Allegations concerning Bush’s direct involvement in Central American foreign policy had been spreading when he came to the University.
Much of Bush’s 30-minute speech was virtually drowned out. Protesters verbally attacked Bush with catcalls, curses and chants.
The Daily reported that cries of “He’s a terrorist,” “bullshit” and “Nazi” frequently punctuated Bush’s remarks.
Others allegedly goose-stepped down the aisles mocking Bush with their arms raised in the Nazi salute, shouting “Sieg Heil. Sieg Heil.”
Before the event was over, University Police had arrested three students for disorderly conduct when they lay in the aisles to prevent people from leaving, and dragged away three others for waving a banner over the balcony rail.
Student conduct code charges were also filed against five students, four of whom were Progressive Student Organization members, a group that dominated the protests.
Despite such disruptions, Bush kept on speaking.
He ignored the protesters until the end of his address when he reportedly called them a “motley-looking group of people.”
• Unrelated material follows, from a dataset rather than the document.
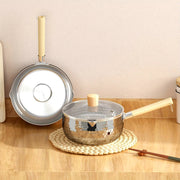 Премиум кастрюля из нержавеющей стали 304 - 1 шт., толстая, без покрытия для здорового приготовления, идеальна для супов и детских блюд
He declared, “One who talks all the time, but doesn’t listen, is consumed with ignorance.”
But protesters justified their actions on the grounds of freedom of speech.
However, the Daily received numerous letters to the editor from University students opposed to such heckling.
Students asked protesters to show some respect and consideration for the rights of the speaker and the rights of the audience. Many felt the most offensive actions was “their greeting and farewell to Bush — the Nazi salute.”
Others who intended to listen to Bush speak about U.S.-Soviet relations were frustrated by the protests, and said having to endure the rowdy radicals was difficult and disruptive.
University President Ken Keller, along with the University Board of Regents, and the University Senate each apologized to Bush for the student’s disruptive behavior during the speech.
Keller reportedly labeled the incident “shameful and damaging to the University, but more importantly, damaging to free speech.”
According to the Daily, members of the Progressive Student Organization rebuked the apologies, stating the hecklers did not infringe upon Bush’s freedom of speech. They said everyone should have the opportunity to have his or her views heard.
“George Bush has practically unlimited access to the media. He is not going to have any problems getting his ideas across,” PSO members said in the Daily.